$$\mathbb{U}_{n\in\mathbb N^*}=\left\{\exp\left(i\frac{2\pi k}{n}\right),\,0\leq k\leq n-1\right\}$$ $$\varphi(d)=\text{card}\{k\in[[1,d]],\,\text{gcd}(k,d)=1\}$$ If $z\in\mathbb U_n$, we call order of $z$ the smallest integer $d\geq1$ such that $z^d=1$.
Let $d\in[[1,n-1]]$ such that $d|n$ (say $n=dc$ for some $c\in\mathbb N$).Show that there are exactly $\varphi(d)$ elements of order $d$ in $\mathbb{U}_n$.
I'm going to use $a\wedge b\,$ for the gcd.
$[[a,b]]$ is an integer interval.
Let $z\in\mathbb U_n$ and let it be of order $d$, then
$$z^d=\exp\left[\left(i\frac{2\pi k}{n}\right)d\right]=\exp\left(i\frac{2\pi k}{c}\right)=1$$
Since $z$ is of order $d$, $k=k'c=k'\frac nd$ for some $k'\in\mathbb N$ (or else $c$ doesn't divide $k$).

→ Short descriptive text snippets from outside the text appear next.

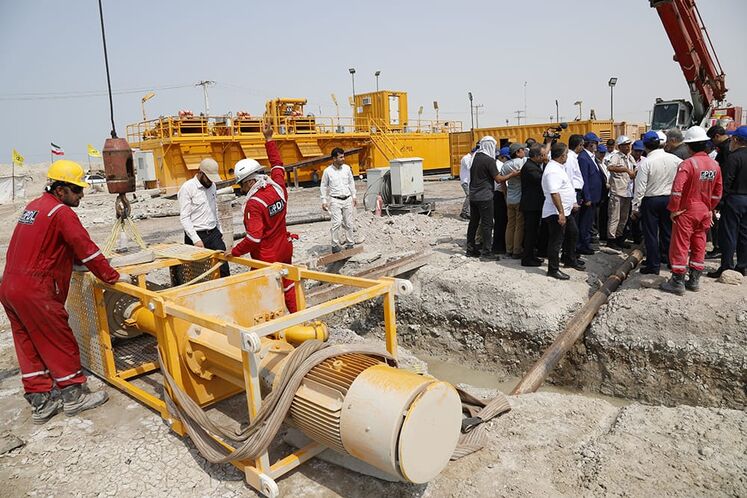 بازدید جمعی از مدیران نفتی از بخش دریایی پروژه خط لوله گاز بندرعباس - لافت - گورزین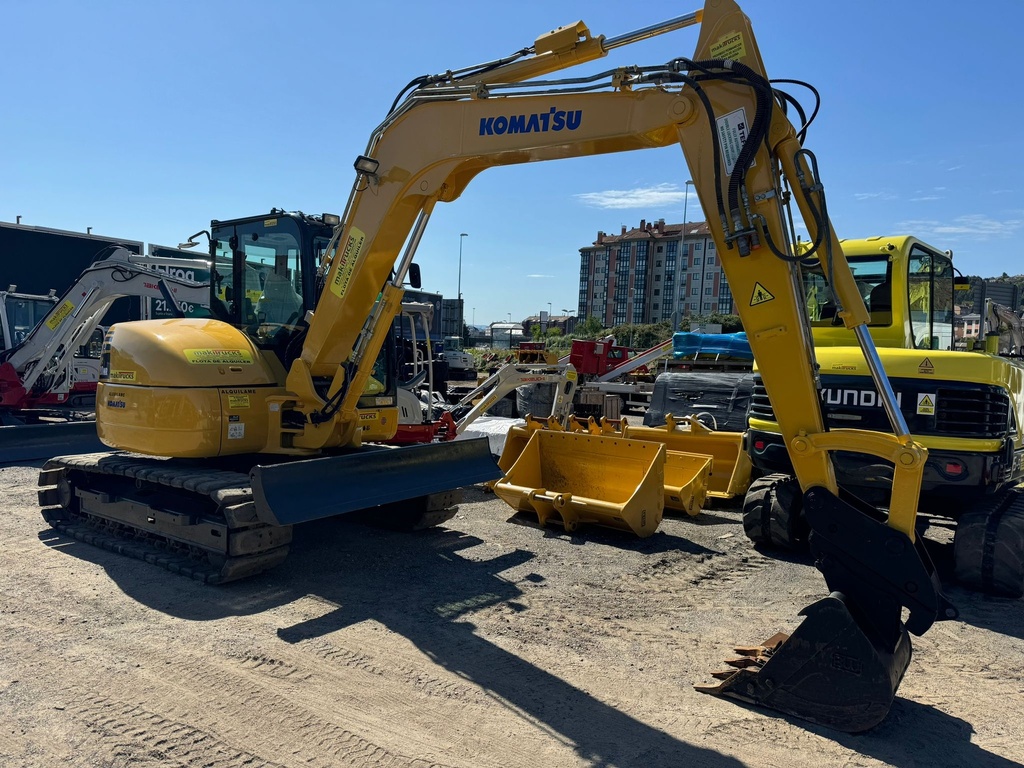 KOMATSU PC80MR-3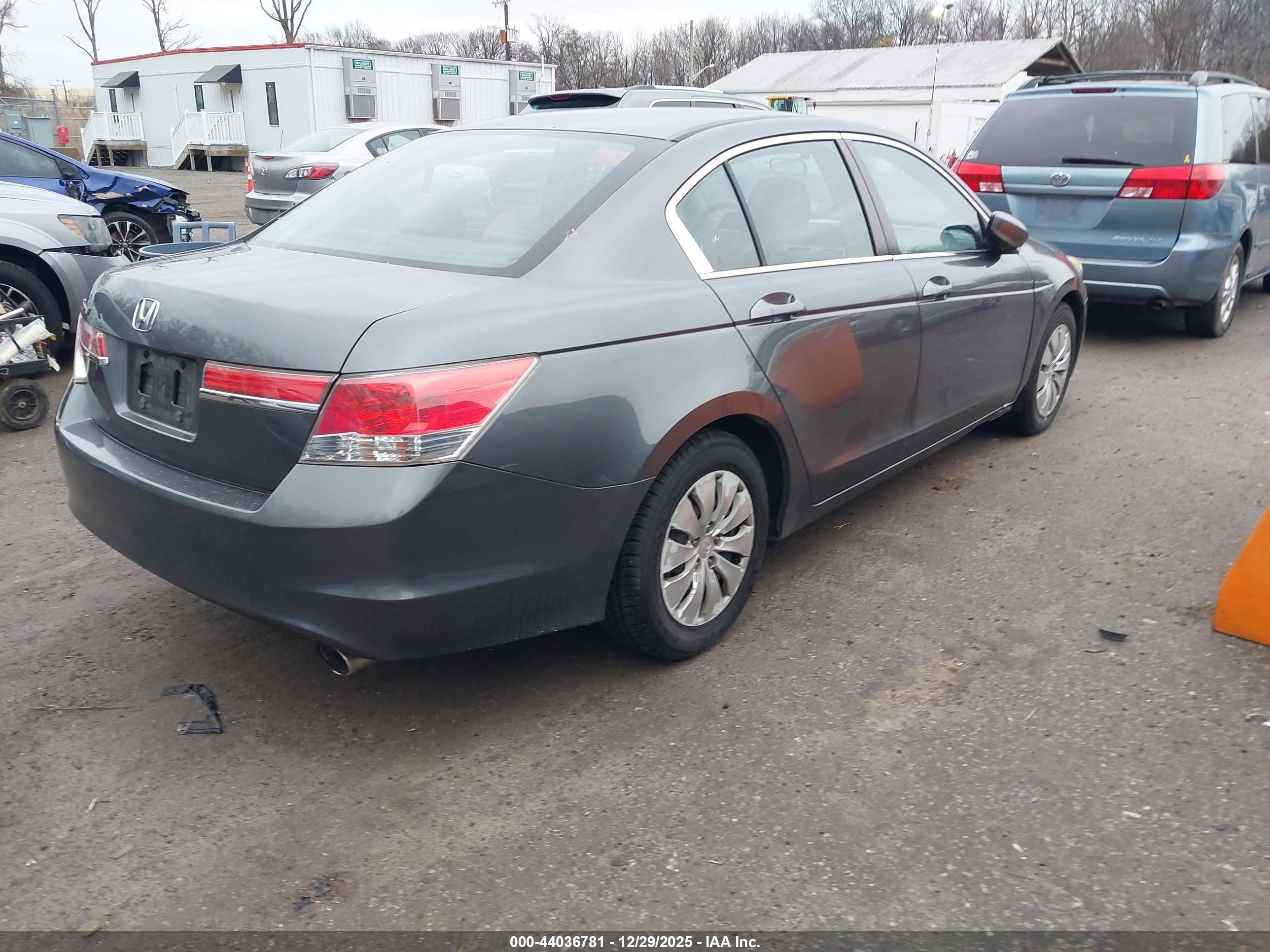 HONDA ACCORD image 4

Claim: For the above to hold, we require that $k'\wedge d=1$.
Proof: Suppose that $k'\wedge d>1$, then $z=\exp\left(i\frac{2\pi k}{n}\right)=\exp\left(i\frac{2\pi k'}{d}\right)$.
Because $k'\wedge d>1$, we get $z=\exp\left(i\frac{2\pi a}{b}\right)$ where $b<d$, thus the order of $z$ is at worst $b$, and could be less if $a\wedge b>1$, which goes against the first hypothesis that the order of $z$ is $d$.

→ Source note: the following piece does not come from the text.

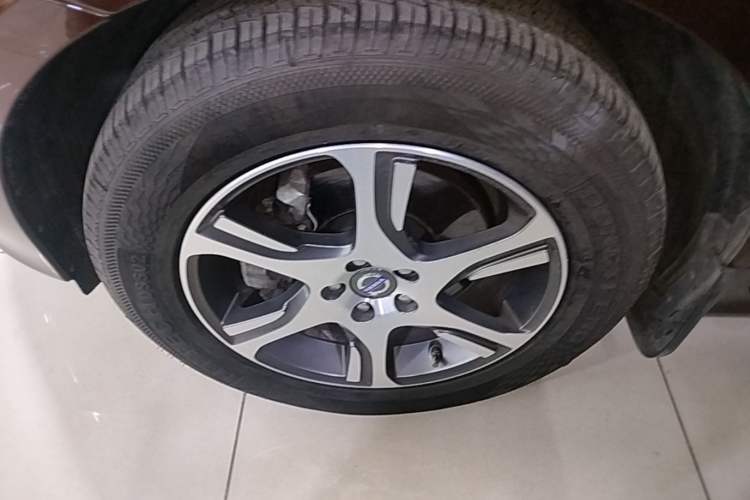 Used Volvo XC60 2014 Restyled T5 Zhiya Edition Left Front Wheel Hub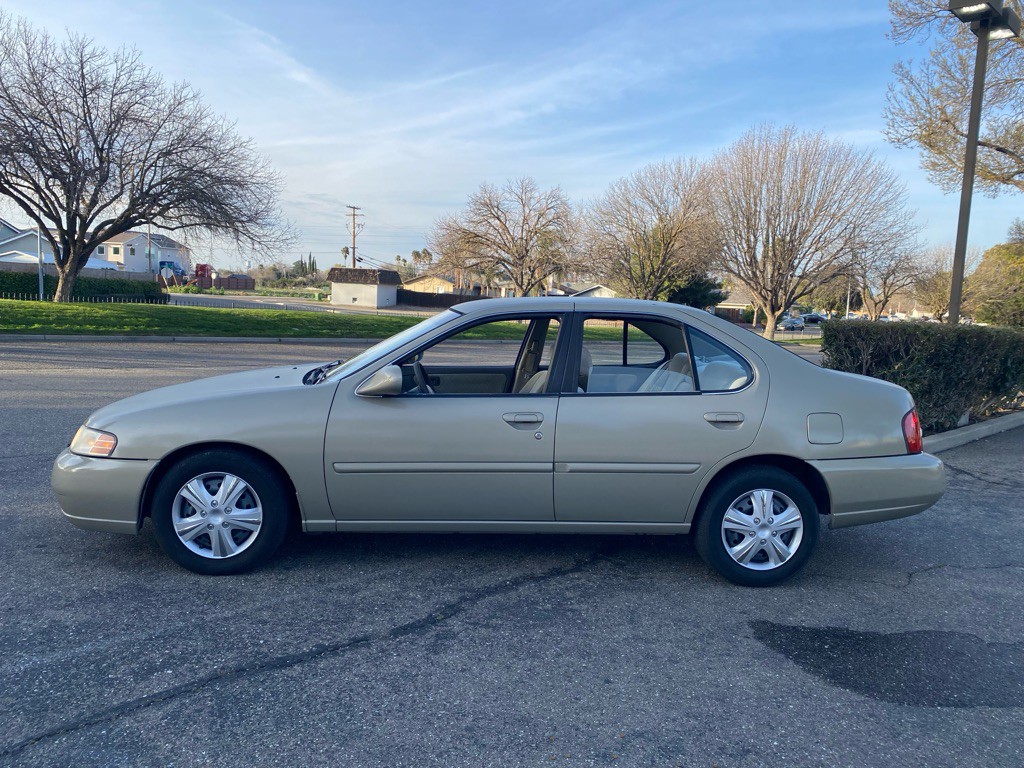 2001 Nissan Altima Image 3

In the above, I have put $k'=a(k'\wedge d)$ and $d=b(k'\wedge d)$ for some $a,\,b\in\mathbb N$.
There are $\varphi(d)$ of such $k'$, therefore:
there are exactly $\varphi(d)$ elements of order $d$ in $\mathbb{U}_n$
If anything is amiss, then please let me know. Thank you for your time!
In short, this is true because $U_n\cong\Bbb Z_n$.

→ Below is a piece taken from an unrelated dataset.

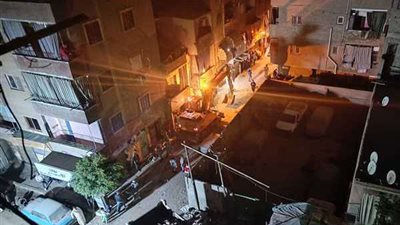 استخراج جثة شخص من تحت الأنقاض في انهيار عقار بالدخيلة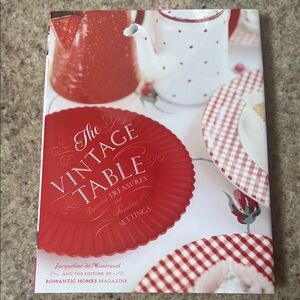 Vintage Table Book 📕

And a basic fact about cyclic groups is that $|g|=d\implies |g^k|=\dfrac d{(d,k)}$. It follows by taking a generator that there's a unique cyclic subgroup of order $d$ for every $d$ dividing $n$, and that there are $\varphi(d)$ generators for that subgroup.